Investigators at Emory Brain Health Center have developed a platform for evaluating visual memory, while someone views photos for a few minutes on an iPad.
Emory researchers, led by Goizuieta Alzheimer’s Disease Research Center director Allan Levey and biomedical informatics chair Gari Clifford, are working with the company Linus Health to develop the VisMET (Visuospatial Memory Eye-Tracking Test) technology further. Results from the most recent version were published in the journal IEEE Transaction on Biomedical Engineering, and the Emory/Linus team continues to refine the technology.
The goal is to screen people for memory issues, identifying those with mild cognitive impairment (MCI) or Alzheimer’s disease. The task — difficult to call it a test — was designed to be more efficient, easier to administer, and more enjoyable than tests currently used.

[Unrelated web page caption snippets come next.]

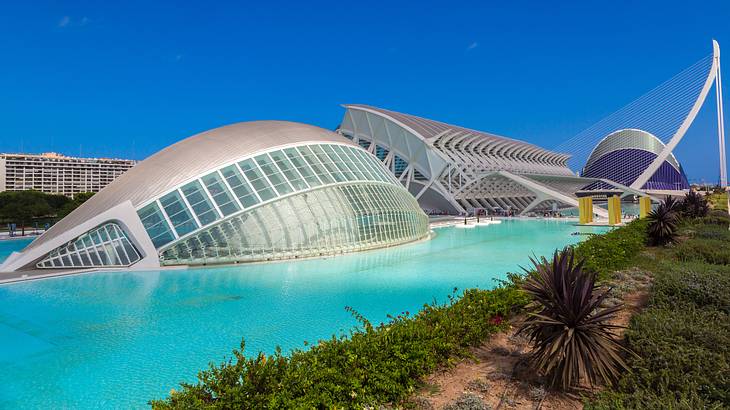 Modern structures by a pool and various plants against a blue sky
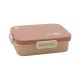 Lunch Boxes 2564 Pink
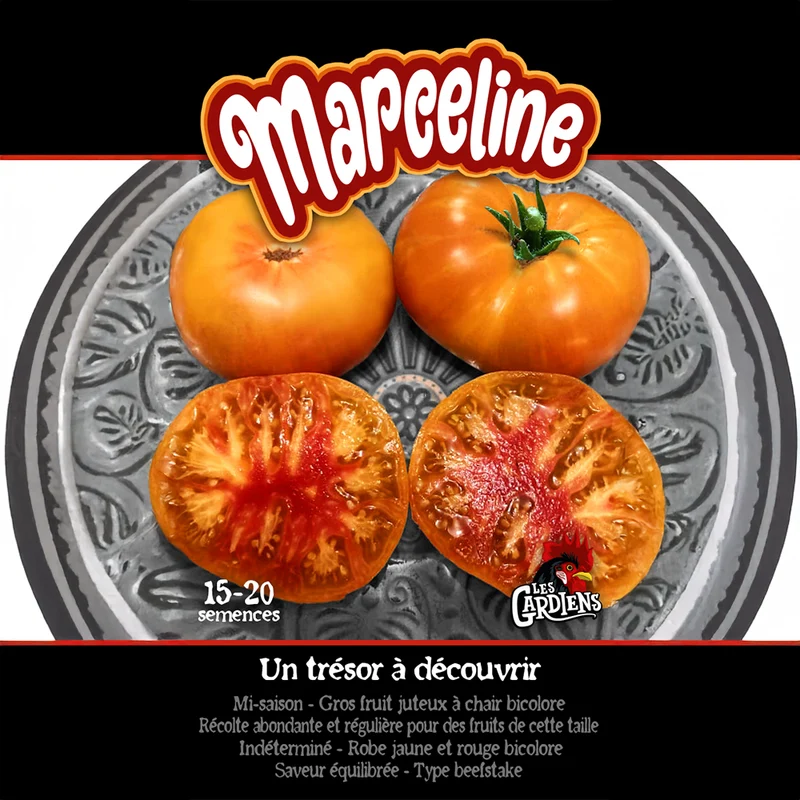 Tomate ‘Marceline’ ( Solanum lycopersicum )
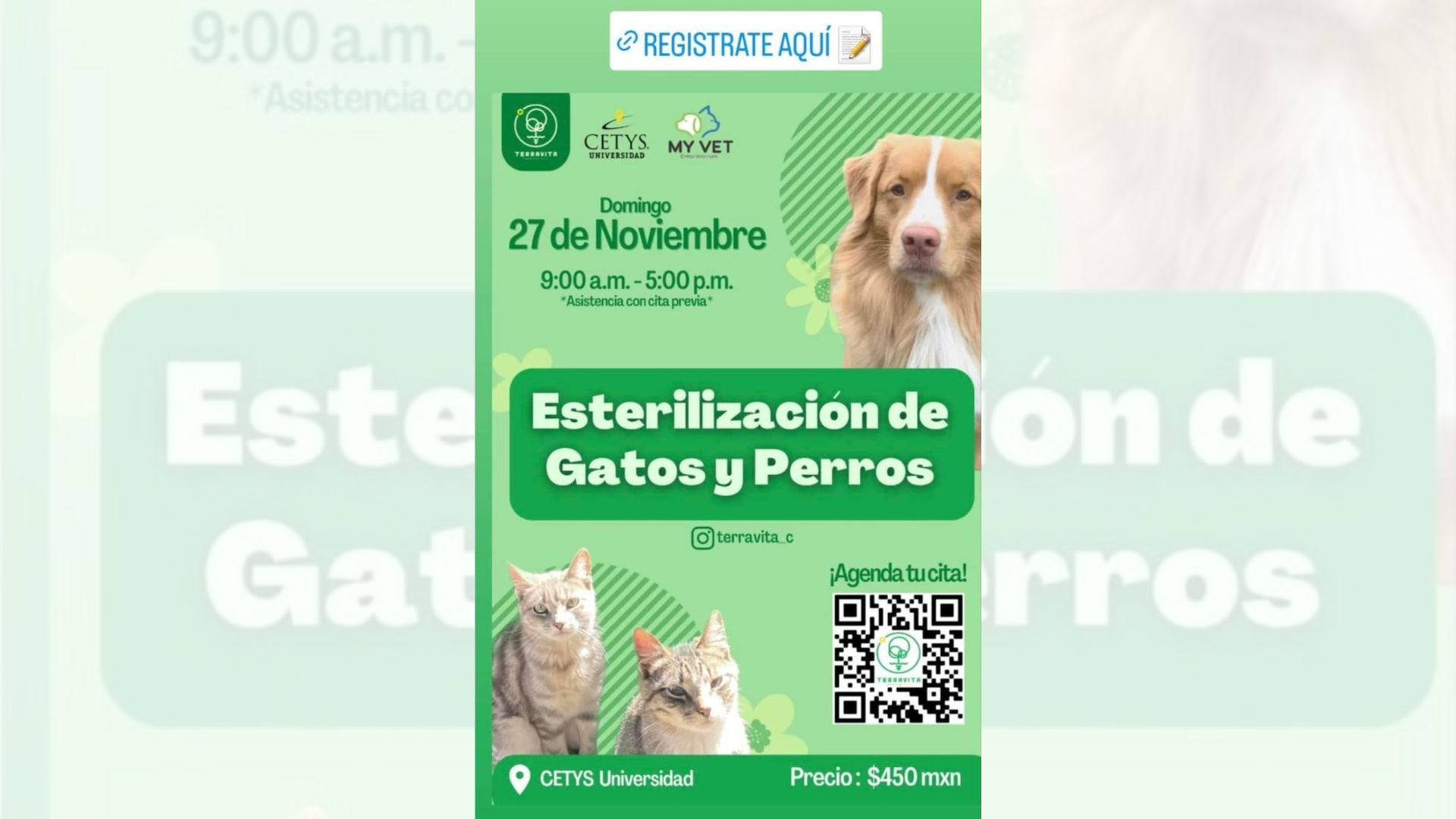 Realizarán campaña de esterilización a bajo costo en Cetys Universidad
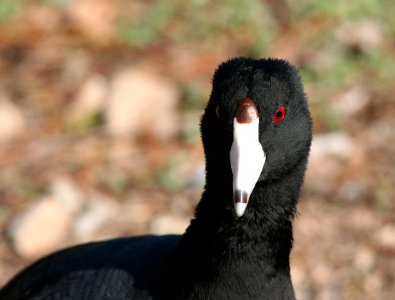 COOT, COMMON (12-22-07) -2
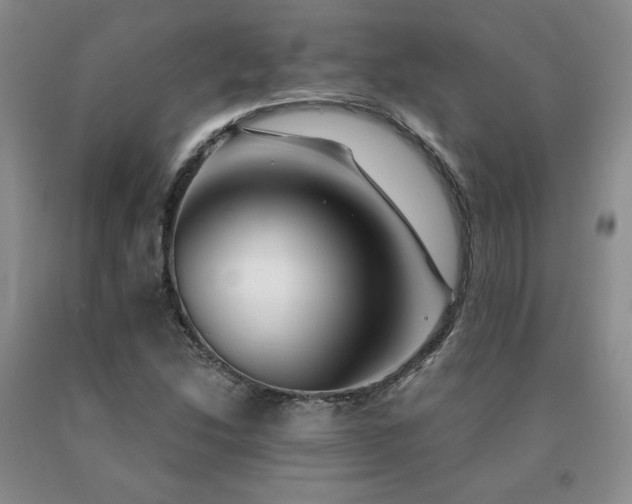 X0000091061214200708061235
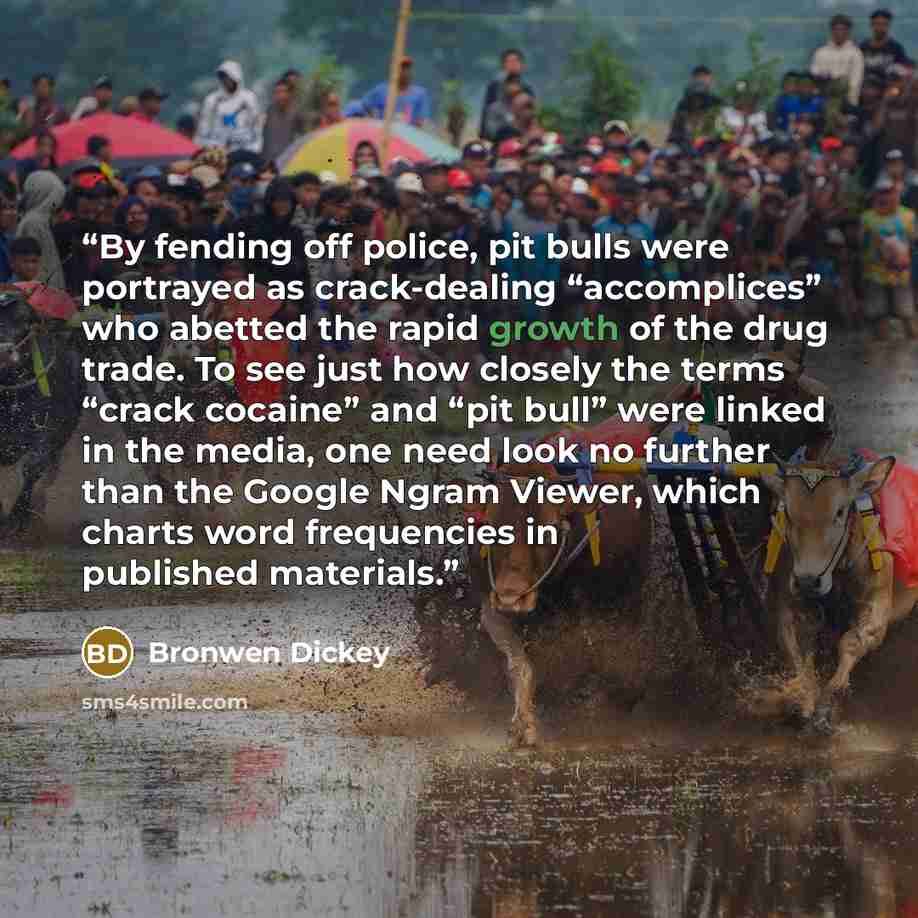 “By fending off police, pit bulls were portrayed as crack-dealing “accomplices” who abetted the rapid growth of the drug trade. To see just how closely the terms “crack cocaine” and “pit bull” were linked in the media, one need look no further than the Google Ngram Viewer, which charts word…” quote by Bronwen Dickey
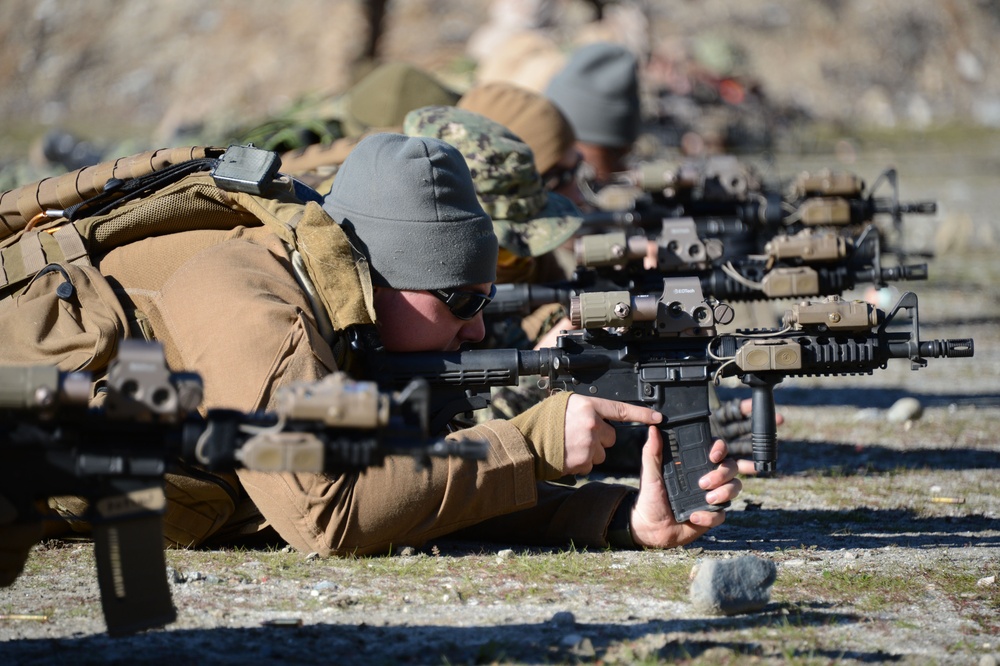 Tactical Firearms Training Team / Quickshot Winter 2013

“We think this could be a sensitive and specific method for detecting visual memory impairment, and it’s convenient enough for use on a wider scale,” Levey says.
The VisMET technology is based on this observation. When someone with MCI or Alzheimer’s views a photo twice, and the photo has been changed the second time (example: an object in the scene has been removed), their eyes spend less time checking the new or missing element in the photo, compared with healthy people. This is because the regions of the brain that drive visual memory formation, such as the entorhinal cortex and hippocampus, are some of the earliest to deteriorate in MCI or Alzheimer’s.
“The current way memory tests are implemented can be stressful,” says software engineer Alvince Pongos, who is co-first author of the IEEE TBME paper, now at MIT’s McGovern Institute for Brain Research. “The difficulty of standard memory tests can lead to test-givers repeating task instructions many times, and to test-takers being confused and frustrated. If we design simpler tasks and make our tools available in the comfort of one’s home, then we remove barriers allowing more people to engage with their health information.”
Using cutting-edge eye-tracking technology, the mobile version of VisMET can identify people with Alzheimer’s disease or MCI with a test accuracy of 70 percent. For the study published in IEEE TBME, the 250 participants came from the Emory Healthy Aging Study and the Goizueta Alzheimer’s Disease Research Center — in all cases, people who had detailed clinical evaluations.
A previous version of the test, implemented on a desktop computer monitor and an external eye tracker, was published in Learning and Memory in 2019. The newer version uses the built-in camera from a tablet.
Reaching an accuracy of 80 percent is the goal to make VisMET mobile for broader clinical and at-home use, Pongos says. The researchers were able to improve the detection of AD and MCI to 76 percent if they restricted their analyses to only subjects whose eye-tracking calibration passed a minimum quality assurance threshold. Do click site to know more about this in detail from the expert’s point of view.
To make VisMET available on tablets, the researchers built an iOS app that collects pictures of users’ faces and eyes as they look at a calibration screen. The researchers then analyzed the pictures with iTracker, a neural network-based system for estimating gaze based on 1.5 million publicly available photos of faces. Once the system was calibrated, the Emory researchers used the model to estimate users’ gaze while they viewed VisMET on the tablet. Using an AI technique known as “transfer learning”, the system was adapted to work on the MCI subjects using a webcam.
Emory and Linus Health researchers are continuing to improve the technology by fine-tuning the images that are presented to study participants, and by making sure that it works robustly under different lighting and background conditions.
Linus Health was founded in 2019 with the mission of improving brain health across the spectrum of neurocognitive care by delivering scientifically validated tools and data-driven insights when and where they are needed. Linus is focused on developing remote digital health tools that harness artificial intelligence in order to improve brain health outcomes.